** Opening SUPPLIED MATERIAL block **
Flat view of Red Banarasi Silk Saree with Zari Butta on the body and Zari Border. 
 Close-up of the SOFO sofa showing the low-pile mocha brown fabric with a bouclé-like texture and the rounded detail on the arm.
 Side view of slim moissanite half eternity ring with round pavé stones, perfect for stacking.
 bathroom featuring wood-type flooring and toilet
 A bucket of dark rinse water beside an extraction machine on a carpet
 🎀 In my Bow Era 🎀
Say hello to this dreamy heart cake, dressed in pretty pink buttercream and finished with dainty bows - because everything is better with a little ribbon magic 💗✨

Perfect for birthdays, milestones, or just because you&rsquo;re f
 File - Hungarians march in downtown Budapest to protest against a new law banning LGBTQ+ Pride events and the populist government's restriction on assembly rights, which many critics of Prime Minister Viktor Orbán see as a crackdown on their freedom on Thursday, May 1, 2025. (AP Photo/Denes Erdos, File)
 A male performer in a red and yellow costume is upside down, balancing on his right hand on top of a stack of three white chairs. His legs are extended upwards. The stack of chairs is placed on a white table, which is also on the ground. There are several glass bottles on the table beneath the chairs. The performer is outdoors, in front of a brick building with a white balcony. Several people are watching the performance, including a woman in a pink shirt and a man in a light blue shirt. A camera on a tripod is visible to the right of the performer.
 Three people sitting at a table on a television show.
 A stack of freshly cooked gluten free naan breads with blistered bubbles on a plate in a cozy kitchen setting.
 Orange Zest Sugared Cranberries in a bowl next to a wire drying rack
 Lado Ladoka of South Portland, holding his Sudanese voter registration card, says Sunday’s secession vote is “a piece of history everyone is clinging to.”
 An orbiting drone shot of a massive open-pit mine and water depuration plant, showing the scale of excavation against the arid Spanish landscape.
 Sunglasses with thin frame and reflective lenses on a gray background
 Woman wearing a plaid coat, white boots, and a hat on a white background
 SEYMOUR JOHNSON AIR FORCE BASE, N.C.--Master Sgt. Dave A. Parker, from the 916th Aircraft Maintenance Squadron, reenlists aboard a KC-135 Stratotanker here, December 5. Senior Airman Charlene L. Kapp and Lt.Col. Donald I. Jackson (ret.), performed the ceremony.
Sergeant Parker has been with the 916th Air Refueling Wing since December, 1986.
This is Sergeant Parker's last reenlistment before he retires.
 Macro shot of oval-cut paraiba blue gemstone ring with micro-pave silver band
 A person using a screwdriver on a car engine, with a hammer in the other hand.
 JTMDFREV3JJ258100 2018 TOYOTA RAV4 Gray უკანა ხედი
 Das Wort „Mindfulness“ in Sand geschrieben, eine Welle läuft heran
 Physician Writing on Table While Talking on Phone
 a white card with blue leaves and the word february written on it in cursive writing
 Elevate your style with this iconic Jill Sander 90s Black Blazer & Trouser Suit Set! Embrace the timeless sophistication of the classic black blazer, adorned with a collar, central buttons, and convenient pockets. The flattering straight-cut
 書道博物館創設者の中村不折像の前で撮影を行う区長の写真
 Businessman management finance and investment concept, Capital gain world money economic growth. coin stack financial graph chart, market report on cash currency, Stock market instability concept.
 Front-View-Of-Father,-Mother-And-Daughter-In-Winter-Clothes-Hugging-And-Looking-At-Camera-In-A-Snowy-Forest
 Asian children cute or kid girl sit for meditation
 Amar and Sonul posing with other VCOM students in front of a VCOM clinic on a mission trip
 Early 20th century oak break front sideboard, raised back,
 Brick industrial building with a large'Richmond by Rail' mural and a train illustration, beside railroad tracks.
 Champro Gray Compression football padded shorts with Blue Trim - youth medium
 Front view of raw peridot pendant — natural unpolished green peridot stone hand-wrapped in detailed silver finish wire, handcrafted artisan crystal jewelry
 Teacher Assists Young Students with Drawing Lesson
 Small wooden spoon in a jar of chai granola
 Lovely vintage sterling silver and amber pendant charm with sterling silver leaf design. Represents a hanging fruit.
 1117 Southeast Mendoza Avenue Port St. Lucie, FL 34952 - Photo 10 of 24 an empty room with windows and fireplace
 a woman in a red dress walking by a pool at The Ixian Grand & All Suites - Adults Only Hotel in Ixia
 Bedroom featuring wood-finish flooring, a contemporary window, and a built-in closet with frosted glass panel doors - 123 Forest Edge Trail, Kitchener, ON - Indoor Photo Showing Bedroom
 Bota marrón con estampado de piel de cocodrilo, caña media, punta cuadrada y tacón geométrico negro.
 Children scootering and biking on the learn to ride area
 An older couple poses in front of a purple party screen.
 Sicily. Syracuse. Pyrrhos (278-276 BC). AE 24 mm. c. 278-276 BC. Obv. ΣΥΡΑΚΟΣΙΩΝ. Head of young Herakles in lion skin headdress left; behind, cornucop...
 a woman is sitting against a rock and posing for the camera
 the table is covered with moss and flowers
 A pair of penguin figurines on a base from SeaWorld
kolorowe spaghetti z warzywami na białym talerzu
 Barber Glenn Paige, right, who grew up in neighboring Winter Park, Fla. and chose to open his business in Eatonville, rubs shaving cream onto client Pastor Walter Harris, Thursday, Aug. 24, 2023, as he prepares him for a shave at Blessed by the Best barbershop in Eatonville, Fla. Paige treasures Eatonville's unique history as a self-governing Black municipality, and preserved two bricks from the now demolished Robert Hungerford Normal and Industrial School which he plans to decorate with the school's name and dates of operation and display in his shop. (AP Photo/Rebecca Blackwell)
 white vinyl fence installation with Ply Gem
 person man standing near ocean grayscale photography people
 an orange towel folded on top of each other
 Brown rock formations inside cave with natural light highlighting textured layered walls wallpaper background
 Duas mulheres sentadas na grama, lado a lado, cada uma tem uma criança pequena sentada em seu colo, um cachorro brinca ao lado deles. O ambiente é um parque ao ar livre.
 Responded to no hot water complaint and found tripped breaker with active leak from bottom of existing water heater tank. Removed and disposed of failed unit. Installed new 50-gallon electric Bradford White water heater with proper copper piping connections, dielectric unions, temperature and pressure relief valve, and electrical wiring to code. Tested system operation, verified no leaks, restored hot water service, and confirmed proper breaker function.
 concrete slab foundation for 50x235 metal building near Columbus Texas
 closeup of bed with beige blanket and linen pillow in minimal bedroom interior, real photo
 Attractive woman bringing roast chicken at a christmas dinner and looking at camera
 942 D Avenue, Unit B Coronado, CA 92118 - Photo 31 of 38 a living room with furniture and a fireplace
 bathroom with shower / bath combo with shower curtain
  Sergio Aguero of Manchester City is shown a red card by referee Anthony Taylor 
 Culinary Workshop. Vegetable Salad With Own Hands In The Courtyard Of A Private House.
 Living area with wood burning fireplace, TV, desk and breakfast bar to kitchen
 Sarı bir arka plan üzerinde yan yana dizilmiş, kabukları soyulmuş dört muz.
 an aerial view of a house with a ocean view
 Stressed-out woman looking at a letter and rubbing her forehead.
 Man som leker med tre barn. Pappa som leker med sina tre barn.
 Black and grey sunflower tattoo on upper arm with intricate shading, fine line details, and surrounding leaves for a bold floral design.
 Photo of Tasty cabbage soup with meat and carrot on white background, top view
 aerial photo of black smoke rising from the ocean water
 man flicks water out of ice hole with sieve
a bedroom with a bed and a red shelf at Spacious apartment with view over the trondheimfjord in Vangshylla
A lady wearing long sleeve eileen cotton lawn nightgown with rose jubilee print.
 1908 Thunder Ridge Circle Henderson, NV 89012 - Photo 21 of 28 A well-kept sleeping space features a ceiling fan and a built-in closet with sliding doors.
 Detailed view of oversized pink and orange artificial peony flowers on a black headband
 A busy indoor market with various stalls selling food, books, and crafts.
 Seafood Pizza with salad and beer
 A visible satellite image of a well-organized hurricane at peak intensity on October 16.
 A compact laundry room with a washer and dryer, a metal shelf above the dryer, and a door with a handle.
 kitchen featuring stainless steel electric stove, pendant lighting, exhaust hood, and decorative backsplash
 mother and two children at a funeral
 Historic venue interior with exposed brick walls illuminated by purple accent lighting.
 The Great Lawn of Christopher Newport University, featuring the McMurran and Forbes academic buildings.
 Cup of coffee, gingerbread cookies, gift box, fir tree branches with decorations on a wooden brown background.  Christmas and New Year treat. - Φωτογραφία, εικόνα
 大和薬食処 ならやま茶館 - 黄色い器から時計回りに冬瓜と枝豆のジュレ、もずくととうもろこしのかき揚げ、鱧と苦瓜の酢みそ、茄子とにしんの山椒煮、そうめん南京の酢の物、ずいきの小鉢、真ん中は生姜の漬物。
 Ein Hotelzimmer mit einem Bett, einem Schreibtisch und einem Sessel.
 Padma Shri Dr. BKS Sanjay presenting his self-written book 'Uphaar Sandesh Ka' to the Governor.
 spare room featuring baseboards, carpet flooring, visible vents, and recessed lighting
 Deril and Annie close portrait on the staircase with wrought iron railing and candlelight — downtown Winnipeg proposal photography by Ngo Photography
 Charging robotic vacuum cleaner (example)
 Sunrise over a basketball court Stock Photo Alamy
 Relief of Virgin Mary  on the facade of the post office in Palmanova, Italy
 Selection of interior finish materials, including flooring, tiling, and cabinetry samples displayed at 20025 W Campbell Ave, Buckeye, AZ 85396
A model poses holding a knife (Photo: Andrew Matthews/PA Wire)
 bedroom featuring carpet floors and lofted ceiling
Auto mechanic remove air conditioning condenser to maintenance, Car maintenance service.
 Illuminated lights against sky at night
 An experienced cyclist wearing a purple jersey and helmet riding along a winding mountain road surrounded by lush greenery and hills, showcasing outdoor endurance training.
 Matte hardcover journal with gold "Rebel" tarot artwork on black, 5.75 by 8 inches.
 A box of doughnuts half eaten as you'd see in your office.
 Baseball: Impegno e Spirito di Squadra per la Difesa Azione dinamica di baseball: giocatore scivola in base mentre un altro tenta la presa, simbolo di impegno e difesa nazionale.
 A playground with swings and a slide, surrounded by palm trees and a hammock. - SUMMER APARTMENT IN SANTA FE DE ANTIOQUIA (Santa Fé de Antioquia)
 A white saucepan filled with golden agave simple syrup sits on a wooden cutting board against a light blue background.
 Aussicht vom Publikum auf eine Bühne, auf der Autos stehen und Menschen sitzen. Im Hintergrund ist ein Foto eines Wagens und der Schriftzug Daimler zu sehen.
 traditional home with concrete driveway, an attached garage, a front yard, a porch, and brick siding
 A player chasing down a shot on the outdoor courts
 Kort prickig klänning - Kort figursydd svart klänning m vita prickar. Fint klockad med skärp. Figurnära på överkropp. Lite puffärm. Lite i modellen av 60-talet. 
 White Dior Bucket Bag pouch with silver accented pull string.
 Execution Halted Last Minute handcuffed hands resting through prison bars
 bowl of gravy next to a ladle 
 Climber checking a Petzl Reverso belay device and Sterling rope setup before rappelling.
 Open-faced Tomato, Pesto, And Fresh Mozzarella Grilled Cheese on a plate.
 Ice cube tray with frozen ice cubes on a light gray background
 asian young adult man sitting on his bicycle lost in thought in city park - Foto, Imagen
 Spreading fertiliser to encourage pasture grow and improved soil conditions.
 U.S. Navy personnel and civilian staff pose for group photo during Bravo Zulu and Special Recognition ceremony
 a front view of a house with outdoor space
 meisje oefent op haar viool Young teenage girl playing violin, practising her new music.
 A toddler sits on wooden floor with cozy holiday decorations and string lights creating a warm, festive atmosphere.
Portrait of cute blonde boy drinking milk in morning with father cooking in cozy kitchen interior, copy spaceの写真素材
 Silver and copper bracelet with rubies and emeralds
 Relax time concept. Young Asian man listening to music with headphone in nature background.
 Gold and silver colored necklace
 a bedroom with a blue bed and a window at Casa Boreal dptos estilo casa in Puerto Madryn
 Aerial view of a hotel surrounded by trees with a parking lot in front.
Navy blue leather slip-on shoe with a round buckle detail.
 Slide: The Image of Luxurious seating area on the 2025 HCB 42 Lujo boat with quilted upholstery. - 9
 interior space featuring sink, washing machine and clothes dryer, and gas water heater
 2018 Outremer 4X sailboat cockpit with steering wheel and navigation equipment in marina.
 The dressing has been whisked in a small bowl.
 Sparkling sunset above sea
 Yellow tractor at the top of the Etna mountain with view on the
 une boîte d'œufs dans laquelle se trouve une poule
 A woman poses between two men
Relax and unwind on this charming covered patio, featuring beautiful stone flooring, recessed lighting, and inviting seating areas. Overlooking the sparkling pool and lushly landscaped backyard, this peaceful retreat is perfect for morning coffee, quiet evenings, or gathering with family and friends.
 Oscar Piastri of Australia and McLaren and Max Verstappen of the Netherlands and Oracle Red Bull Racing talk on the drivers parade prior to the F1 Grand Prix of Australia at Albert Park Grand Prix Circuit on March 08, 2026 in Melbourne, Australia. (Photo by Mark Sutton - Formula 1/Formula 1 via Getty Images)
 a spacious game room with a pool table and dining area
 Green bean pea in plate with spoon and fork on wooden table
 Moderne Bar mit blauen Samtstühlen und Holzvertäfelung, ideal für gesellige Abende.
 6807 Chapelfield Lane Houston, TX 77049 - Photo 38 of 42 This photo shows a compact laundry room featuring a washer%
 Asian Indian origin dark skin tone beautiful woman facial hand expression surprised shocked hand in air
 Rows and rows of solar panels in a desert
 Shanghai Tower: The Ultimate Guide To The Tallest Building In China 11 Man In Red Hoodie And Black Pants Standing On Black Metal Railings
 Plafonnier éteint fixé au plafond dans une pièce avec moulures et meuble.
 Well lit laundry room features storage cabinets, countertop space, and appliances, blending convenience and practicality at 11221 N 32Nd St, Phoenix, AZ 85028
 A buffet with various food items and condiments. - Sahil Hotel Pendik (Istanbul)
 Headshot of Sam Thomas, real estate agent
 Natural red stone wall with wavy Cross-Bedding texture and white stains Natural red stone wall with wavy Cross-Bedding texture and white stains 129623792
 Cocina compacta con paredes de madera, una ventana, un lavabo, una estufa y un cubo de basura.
** Closing SUPPLIED MATERIAL block **
[YOUR INSTRUCTIONS]:
In the data above, find the line with "Plafonnier éteint fixé" and the line with "Headshot of Sam Thomas, real estate agent". Retype both, plus every line between them, exactly.

[SOLUTION]:
 Plafonnier éteint fixé au plafond dans une pièce avec moulures et meuble.
 Well lit laundry room features storage cabinets, countertop space, and appliances, blending convenience and practicality at 11221 N 32Nd St, Phoenix, AZ 85028
 A buffet with various food items and condiments. - Sahil Hotel Pendik (Istanbul)
 Headshot of Sam Thomas, real estate agent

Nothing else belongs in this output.